Some additional information: Cuda must be installed correctly since just before the warp error I call another kernel and that one works.
BroadcastedMatrix
is initialiced with cudaMalloc
and cudaMalloc
returns cudaSuccess
for that call so I think thats not the issue. (cudaMalloc
also returns cudaSuccess
when mallocing embeddingMatrixCuda
)
I hope this question makes sense, best regards :)
You are leaking the device-side allocation in initializeCudaMatrixWithCPUMatrix
: you're letting cudaMalloc()
set the value of cudaA
- which is a local float*
variable, not a reference to an external float*
; the variable ceases to exist when returning from the function.
So, when you make your call of the function:
initializeCudaMatrixWithCPUMatrix(
model->embeddingMatrix, model->embeddingMatrixCuda, 408, 1024);
the value of model->embeddingMatrixCuda
remains the same after the function returns.
As for everything happening later in your code - I suggest start with getting your allocation right; then if you're having trouble, maybe ask another question, and make it very focused please.

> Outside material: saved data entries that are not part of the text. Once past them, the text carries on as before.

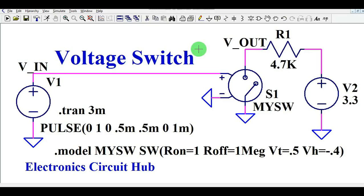Hello friends, welcome to Electronic Circuit Hub. Today we are going to understand about the voltage switch simulation in LTSpice. I will explain how this circuit works and how you can design a voltage switch in LTSpice — how you can make your own switch and call it 'my switch' in LTSpice. For example, if you want to use a voltage switch in LTSpice for any kind of circuit simulation, this is going to be a very interesting video today.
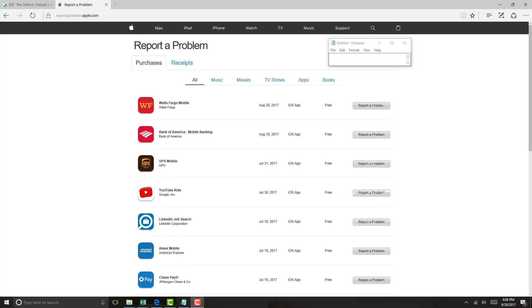This will show you the purchases for the last 90 days. So go ahead and select the particular purchase you have a problem with.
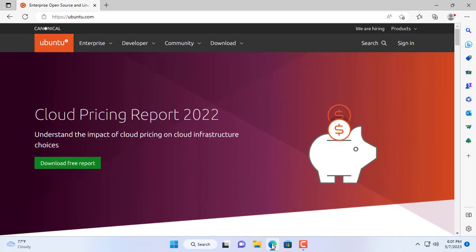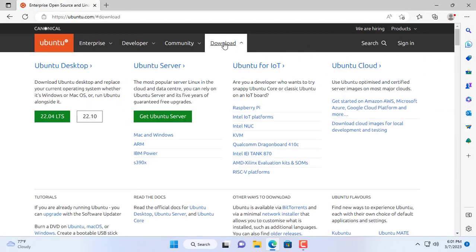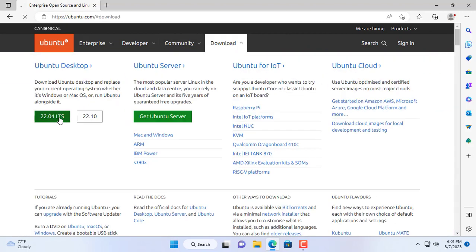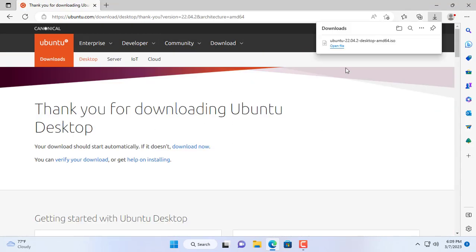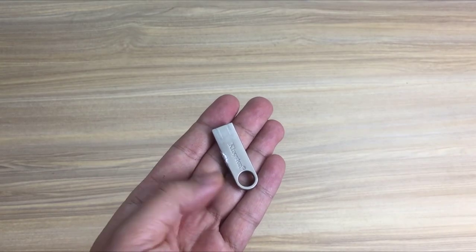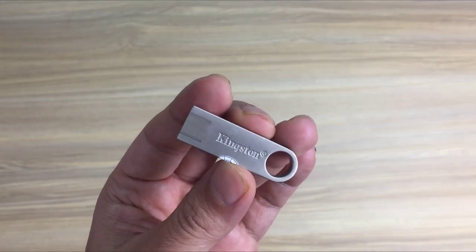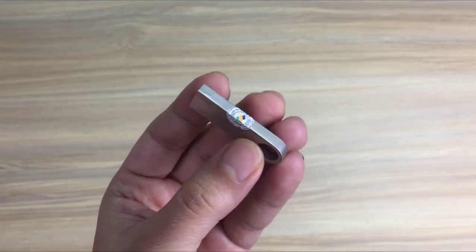Hello, welcome to NetVN. You want to experience the Ubuntu operating system but you only have a Windows 11 computer. That's why you watch this video to know how to install Ubuntu alongside Windows 11.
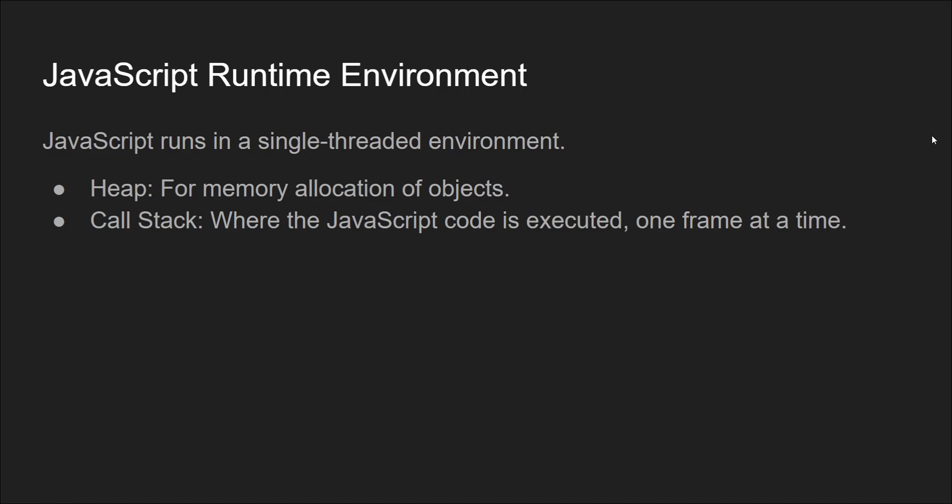This environment includes heap for memory allocation of objects and the call stack where the JavaScript code is executed one frame at a time.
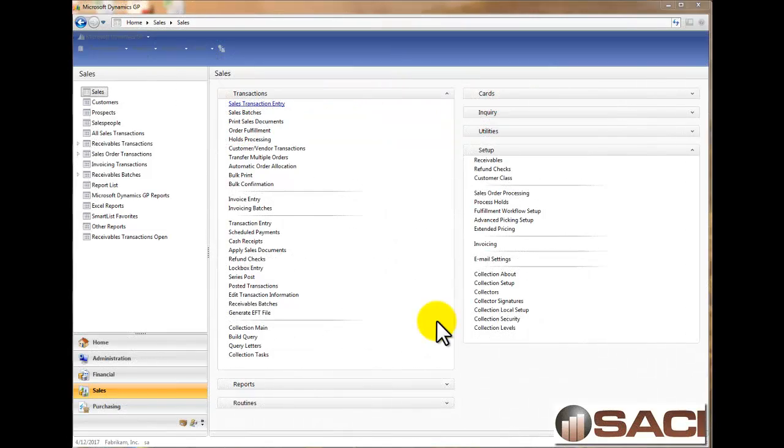Hi, today I want to talk about allocating and fulfilling in Sales Order Processing for Microsoft Dynamics GP.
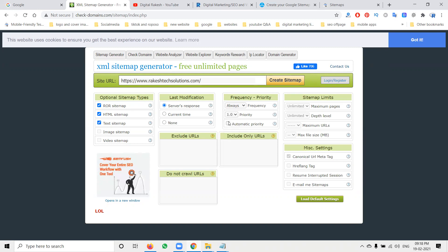I'm selecting automatic priority. The frequency changing option and crawling settings are all set to unlimited — maximum pages: unlimited, depth level: unlimited. Now click 'Start Create Sitemap'.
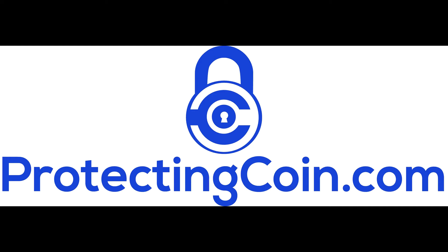Hey everyone, Chris here with ProtectingCoin.com. Trezor just released the firmware update 1.6.1. It also includes a bootloader update, so now the bootloader on the Trezor 1 is going to be upgradeable.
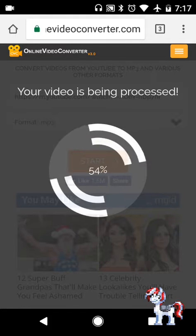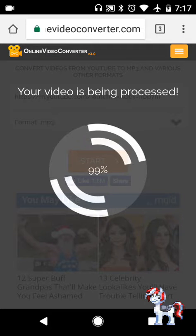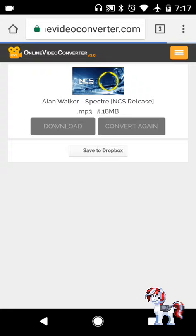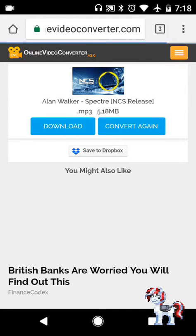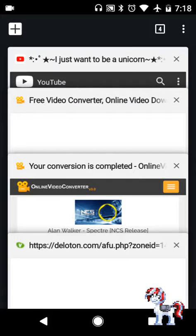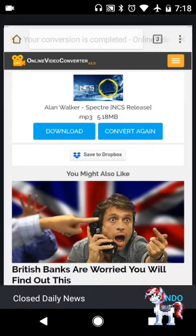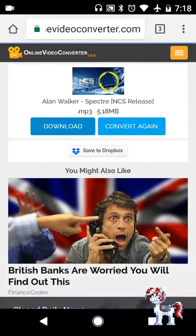It doesn't take that long for the video to be processed. Now you just need to press the download button. Sometimes this takes me to another page, so just press download.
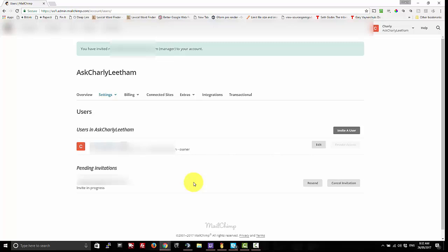And that's it. That's as hard as it is to add a user to MailChimp. If you've got any questions make sure you leave them below or head across to my website. It's listed here on the video. And have a great day. Bye!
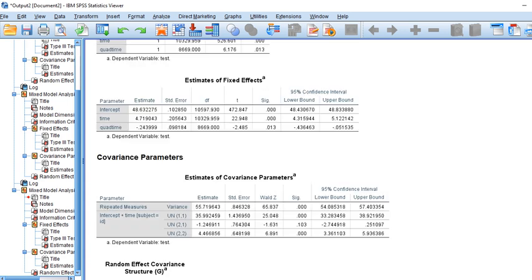As a recap of what we saw: the linear trend component for the growth curves was positive and significant, and the quadratic component was also significant, suggesting that a quadratic trend is a better fit than a linear trend alone. The variance at level one was statistically significant, the variance of the intercepts was significant, the variance of the slopes for time was significant, and the covariance between the two was not significant.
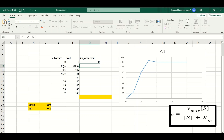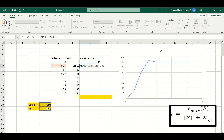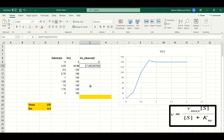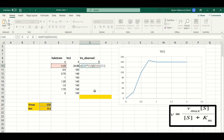We will use the Michaelis-Menten equation formula in Excel. The formula is: equals sign, open parenthesis, Vmax value multiplied by substrate concentration, close parenthesis, divided by open parenthesis, substrate concentration plus Km value, close parenthesis. To make things easy, we put a dollar sign between D and 20 — the Vmax value — and D and 21 — the Km value — to anchor those cell references.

Some more advice, beyond your specific question:
Consider having your functions take a GPU ID, since - who knows whether your code is going to be using the first/default GPU always?
(As @paleonix has also suggested:) Always check your API calls for errors. See this SO question about how to do that conveniently.
Even if you're writing C-style rather than C++-style code - consider structuring your data better. So, if you use matrices, define something like:
struct matrix {
float* data;
size_t dims[2]; // dims[0] is the major dimension
};
And then you could write a function such as:
struct matrix create_gpu_copy_of_matrix(struct matrix on_host);
and explain in a comment that the returned matrix is "owning", i.e. that it's the caller's responsibility to manage its GPU-side memory. You might then be able to write something like:
model->embedding[GPU_DEVICE_SIDE] = create_gpu_copy_of_matrix(
model->embedding[HOST_SIDE], chosen_gpu_id);
within even having to repeat the matrix dimensions; without the possibility of getting them wrong; and with much better readability IMNSHO.